Working with Graph Queries

In this part of the workshop you will start writing simple Cypher queries to create and explore data in a graph database.
Cypher is a declarative query language (similar to SQL) but designed for graphs.
You describe patterns of nodes and relationships, and the database returns the matches.

In this workshop we will use Neo4j as graph database.

Getting started with Neo4j Sandbox

Before writing your first Cypher queries, you can use the Neo4j Sandbox — a free online environment where you can try out graph databases without installing anything.

Open the Sandbox
Go to https://sandbox.neo4j.com
Sign in
You can sign in with a Google or GitHub account. Neo4j will automatically create a personal sandbox environment for you.
Create a new project
Click “+ New Project” and choose “Blank Sandbox” (an empty database). You can also explore the other templates later (for example Recommendations or Network Analysis).
Launch the Neo4j Browser
Once the sandbox is ready, click “Open” to start the Neo4j Browser. A web interface will open where you can type and execute Cypher commands.
Connect to the database
If asked, confirm the connection. You will see a prompt like this: neo4j> This is where you can start entering your own Cypher queries.

Creating two nodes and one relationship

In this example two Person nodes will be created. One person follows the other, like in a social network.

1 Creating nodes and relationships

Each node represents an entity, and each relationship describes how two nodes are connected.

Example:

CREATE (a:Person {name: "Alice"})-[:FOLLOWS]->(b:Person {name: "Bob"});

This creates two Person nodes and one FOLLOWS relationship. A relationship always has a direction. This is indicated with the arrow -> in the query. So in this example, Alice followes Bob and Bob is followed by Alice.

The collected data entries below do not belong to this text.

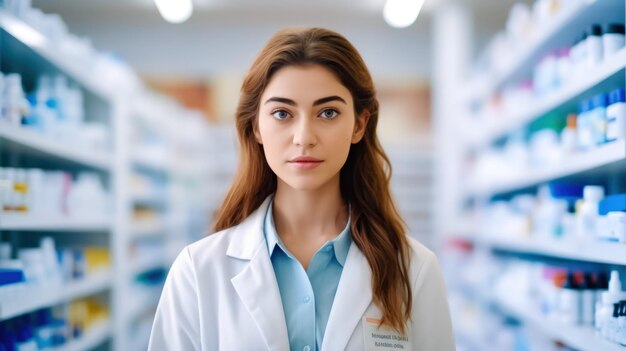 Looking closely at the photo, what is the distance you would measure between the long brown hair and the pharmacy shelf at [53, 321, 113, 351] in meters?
1.76

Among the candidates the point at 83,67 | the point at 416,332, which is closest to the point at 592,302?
the point at 416,332

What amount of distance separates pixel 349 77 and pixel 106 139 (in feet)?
9.13

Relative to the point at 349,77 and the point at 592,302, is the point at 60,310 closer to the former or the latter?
the point at 349,77

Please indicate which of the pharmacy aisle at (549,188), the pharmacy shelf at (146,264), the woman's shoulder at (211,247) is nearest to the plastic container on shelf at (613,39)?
the pharmacy aisle at (549,188)

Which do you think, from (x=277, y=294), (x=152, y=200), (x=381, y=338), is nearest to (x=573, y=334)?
(x=381, y=338)

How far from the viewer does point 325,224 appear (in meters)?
1.82

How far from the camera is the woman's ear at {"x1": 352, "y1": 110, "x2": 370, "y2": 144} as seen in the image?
1.83 metres

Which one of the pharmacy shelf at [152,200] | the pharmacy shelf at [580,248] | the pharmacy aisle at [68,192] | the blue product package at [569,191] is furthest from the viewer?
the pharmacy shelf at [152,200]

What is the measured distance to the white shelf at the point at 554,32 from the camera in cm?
249

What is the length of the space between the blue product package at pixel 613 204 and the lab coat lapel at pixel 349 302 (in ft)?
3.39

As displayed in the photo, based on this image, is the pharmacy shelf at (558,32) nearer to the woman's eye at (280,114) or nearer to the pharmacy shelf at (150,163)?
the woman's eye at (280,114)

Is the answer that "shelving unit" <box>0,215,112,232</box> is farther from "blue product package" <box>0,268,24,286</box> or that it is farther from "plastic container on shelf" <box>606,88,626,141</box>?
"plastic container on shelf" <box>606,88,626,141</box>

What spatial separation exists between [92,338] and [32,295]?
1038mm

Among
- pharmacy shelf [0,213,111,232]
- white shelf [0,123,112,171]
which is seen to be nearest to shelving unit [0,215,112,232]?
pharmacy shelf [0,213,111,232] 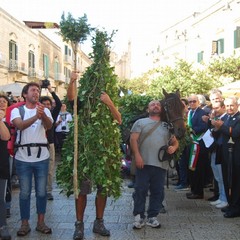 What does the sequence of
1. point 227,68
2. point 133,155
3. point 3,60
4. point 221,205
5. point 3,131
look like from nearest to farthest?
1. point 3,131
2. point 133,155
3. point 221,205
4. point 227,68
5. point 3,60

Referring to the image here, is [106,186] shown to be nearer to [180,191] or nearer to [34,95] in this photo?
[34,95]

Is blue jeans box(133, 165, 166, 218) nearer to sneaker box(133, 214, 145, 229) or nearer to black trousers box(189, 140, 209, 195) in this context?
sneaker box(133, 214, 145, 229)

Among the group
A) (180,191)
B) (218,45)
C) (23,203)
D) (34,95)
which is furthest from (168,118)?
(218,45)

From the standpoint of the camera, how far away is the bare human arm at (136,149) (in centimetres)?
570

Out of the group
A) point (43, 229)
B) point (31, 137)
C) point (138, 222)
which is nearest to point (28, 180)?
point (31, 137)

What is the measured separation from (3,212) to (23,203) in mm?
285

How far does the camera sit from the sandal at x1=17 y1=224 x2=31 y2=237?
5473 mm

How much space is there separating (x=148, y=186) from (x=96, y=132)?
1.19 meters

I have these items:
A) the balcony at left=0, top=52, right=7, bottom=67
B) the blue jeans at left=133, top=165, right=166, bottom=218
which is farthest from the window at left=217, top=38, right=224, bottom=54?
the blue jeans at left=133, top=165, right=166, bottom=218

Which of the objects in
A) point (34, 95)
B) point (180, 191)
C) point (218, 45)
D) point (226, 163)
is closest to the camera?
point (34, 95)

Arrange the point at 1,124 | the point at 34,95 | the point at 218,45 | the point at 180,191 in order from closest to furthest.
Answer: the point at 1,124
the point at 34,95
the point at 180,191
the point at 218,45

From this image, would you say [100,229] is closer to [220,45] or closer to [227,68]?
[227,68]

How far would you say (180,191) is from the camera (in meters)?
8.67

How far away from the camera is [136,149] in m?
5.78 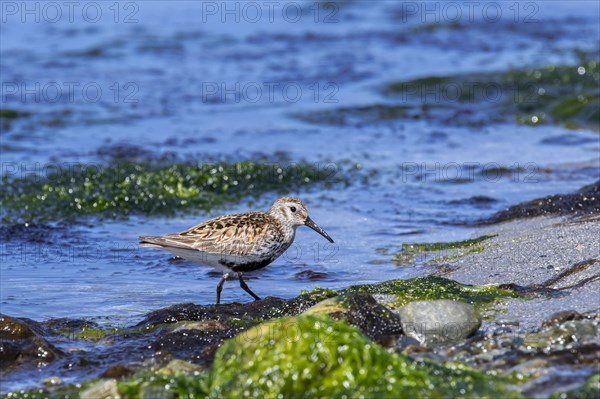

The direction of a relationship gives semantic meaning to the connection. A graph database can traverse the relationship in either direction.

graph LR
    %% Personen
    p1(["👤 Alice"])
    p2(["👤 Bob"])
            
    %% Relaties
    p1 -->|FOLLOWS| p2

2 Query the relationship

The data about Alice and Bob can be queried in several ways:

MATCH (a:Person)-[:FOLLOWS]->(b:Person)
RETURN a.name, b.name;

Returns who follows whom: Alice -> Bob

MATCH (a:Person)<-[:FOLLOWS]-(b:Person)
RETURN a.name, b.name;

Returns who is followed by whom: Bob <- Alice

MATCH (a:Person)-[:FOLLOWS]-(b:Person)
RETURN a.name, b.name

Returns everyone who is connected through a FOLLOWS relationship, regardless of direction: Alice - Bob and Bob - Alice

🧠 Question:
List all persons currently stored in the database.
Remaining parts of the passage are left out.